# EXERCISE DIRECTIONS
Below are entries with pictures in them. Output exactly the lines starting at the line with "Ludwigia Mulerttii" and ending at the line with "Flores preservadas de", both included, but not the pictures.

╭─ INPUT DATA

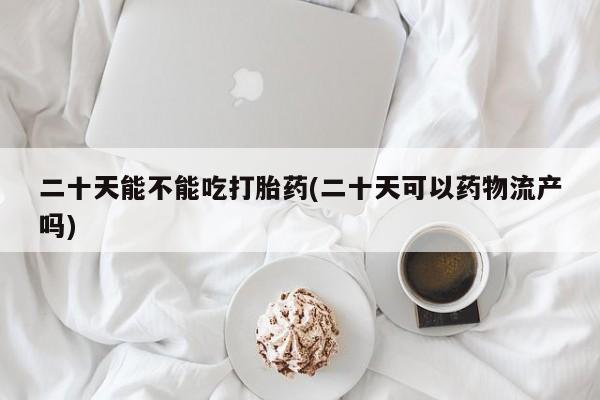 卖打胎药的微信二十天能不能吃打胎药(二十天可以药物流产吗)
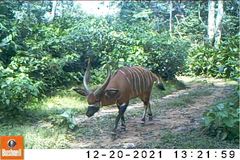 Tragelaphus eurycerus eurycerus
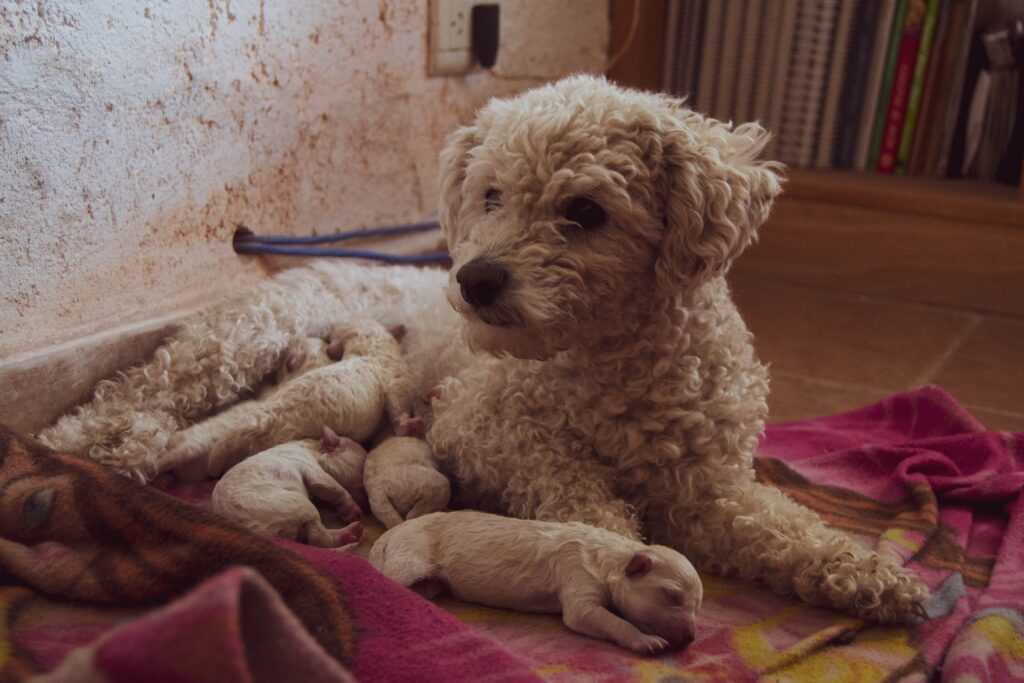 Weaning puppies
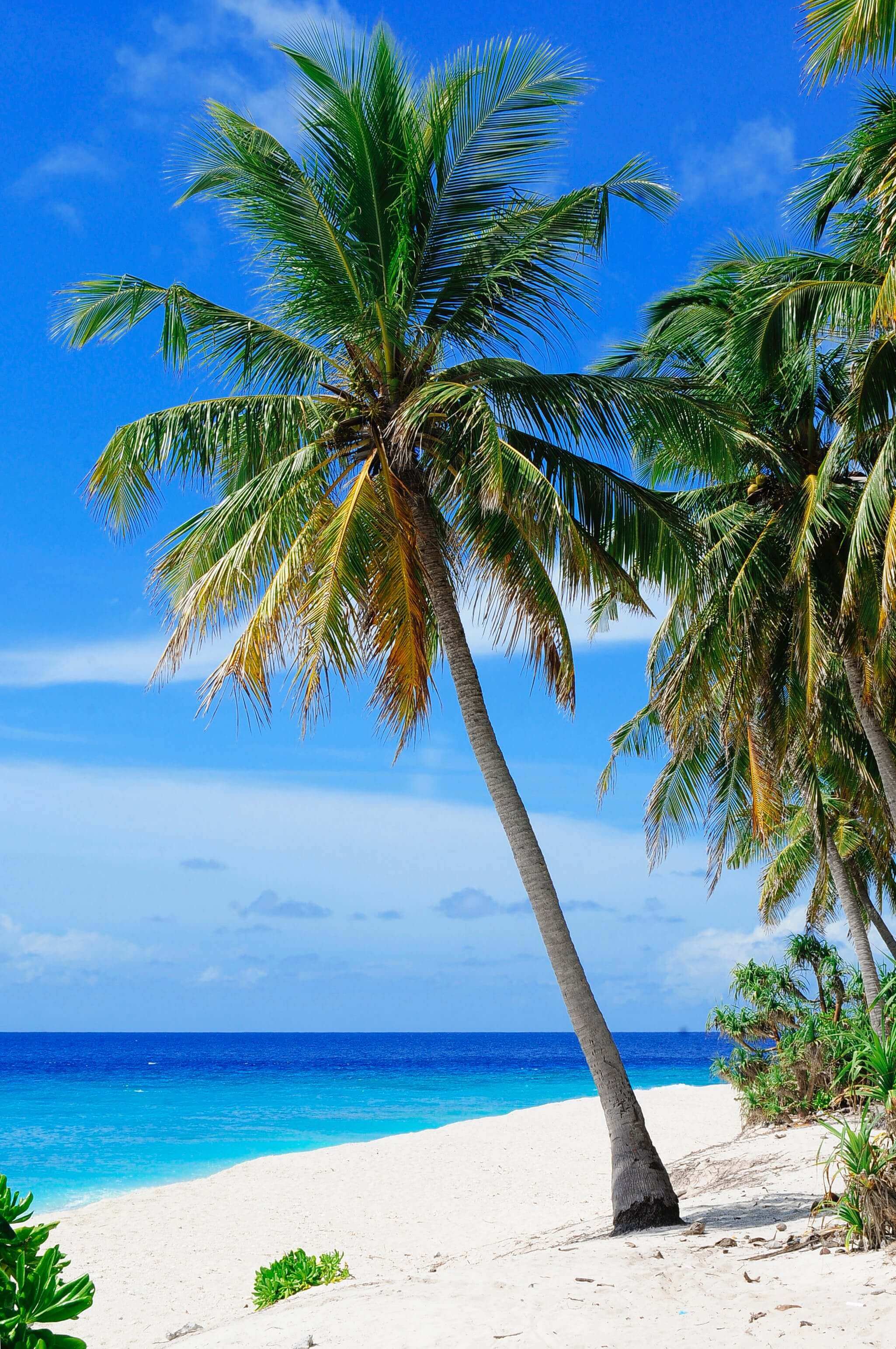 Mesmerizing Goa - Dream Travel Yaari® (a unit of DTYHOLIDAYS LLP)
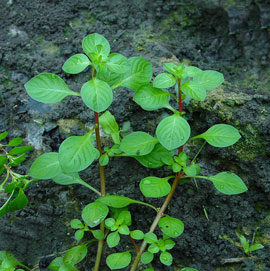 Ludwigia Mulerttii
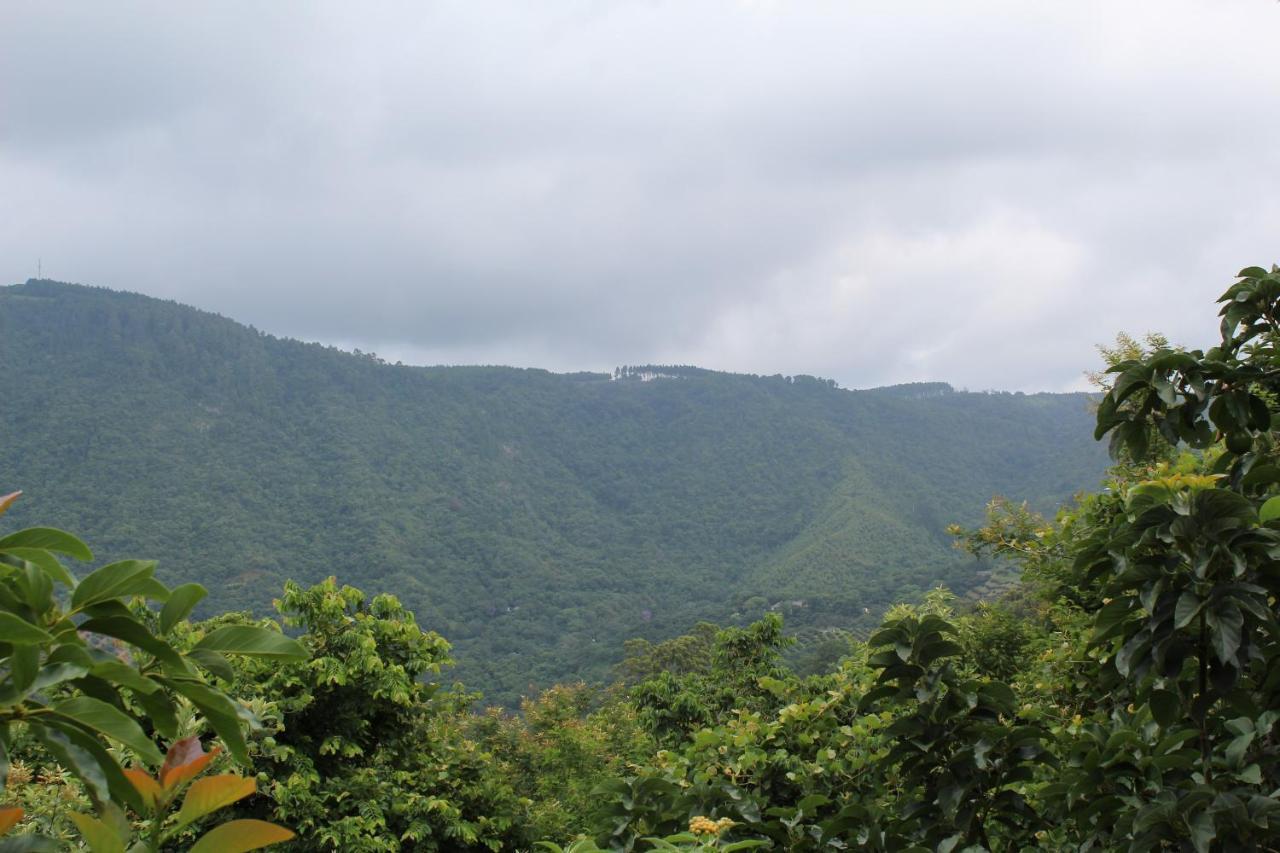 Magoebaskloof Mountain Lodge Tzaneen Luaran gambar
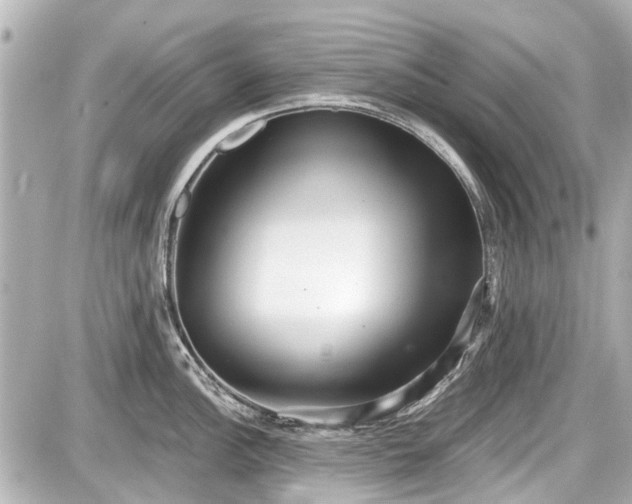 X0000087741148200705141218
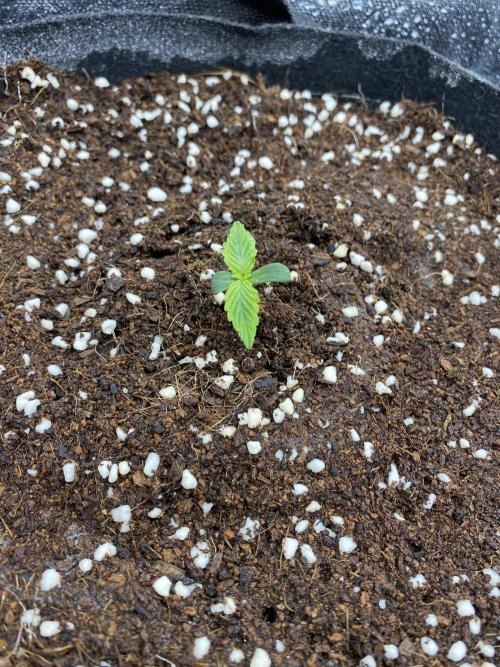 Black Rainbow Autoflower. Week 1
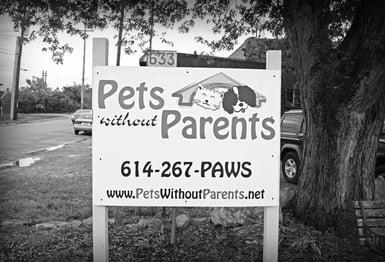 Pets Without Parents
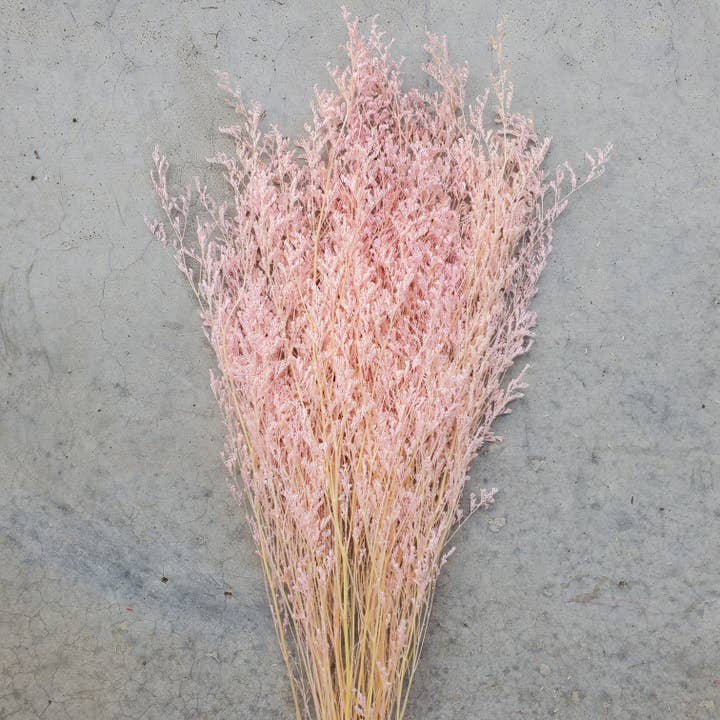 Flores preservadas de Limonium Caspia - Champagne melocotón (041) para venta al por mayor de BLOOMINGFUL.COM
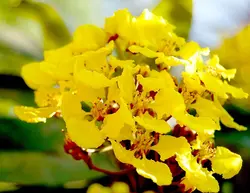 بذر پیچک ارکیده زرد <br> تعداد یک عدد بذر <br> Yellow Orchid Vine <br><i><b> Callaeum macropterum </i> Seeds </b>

╰─

# ANSWER SECTION
 Ludwigia Mulerttii
 Magoebaskloof Mountain Lodge Tzaneen Luaran gambar
 X0000087741148200705141218
 Black Rainbow Autoflower. Week 1
 Pets Without Parents
 Flores preservadas de Limonium Caspia - Champagne melocotón (041) para venta al por mayor de BLOOMINGFUL.COM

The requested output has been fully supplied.